Aprovechando vacíos jurídicos y la negligencia de las autoridades distritales y nacionales, ese bello patrimonio paisajístico se ha ido perdiendo y nadie ha hecho nada para impedirlo. Hace más de dos décadas parte de esa ladera era una cantera, pero si el degradado terreno se regeneró para luego volver a ser depredado, la ciudad no ganó nada. Más bien perdió mucho para beneficio de unos pocos.
Vecinos, residentes y población flotante del sector lamentan, en sus propias palabras, lo que está ocurriendo. “No estoy de acuerdo con la forma en que esos edificios se han ido comiendo la montaña. Si fueran construcciones de gente pobre, ya les hubieran tumbado las casas, pero como ahí hay mucha plata de por medio, pueden seguir construyendo y tumbando esa loma”, afirma doña Nubia, de 50 años de edad, y vendedora en el sector desde hace catorce años.

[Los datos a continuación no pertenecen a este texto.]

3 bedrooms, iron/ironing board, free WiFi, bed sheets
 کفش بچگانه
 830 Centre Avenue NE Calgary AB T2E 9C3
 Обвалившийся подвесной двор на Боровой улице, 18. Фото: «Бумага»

A la falta de autoregulación de los constructores (erigiendo edificios tan arriba de la montaña contra todo sentido común), doña Nubia le encuentra su lógica. “Pues ellos están haciendo su buena plata, pero como luego se van del país, los que quedamos acá somos los que vamos a pagar las consecuencias de eso”, lamenta.
“Como todo lo que pasa en este país, el pez grande se come al pequeño, así seguirán quién sabe hasta cuándo”, añade.
De las personas entrevistadas en la zona, la gran mayoría se mostró en abierto desacuerdo, pero eso obviamente a los constructores y a las propias autoridades tampoco les ha importado.
Para la muestra, otro botón. Fernando, de 40 años, trabaja desde hace seis años en el sector, justo enfrente de Cerros de los Alpes. “No estoy de acuerdo con esos edificios, bajo ningún concepto. Están quitando la vista del paisaje y robándose la montaña, básicamente”, dice.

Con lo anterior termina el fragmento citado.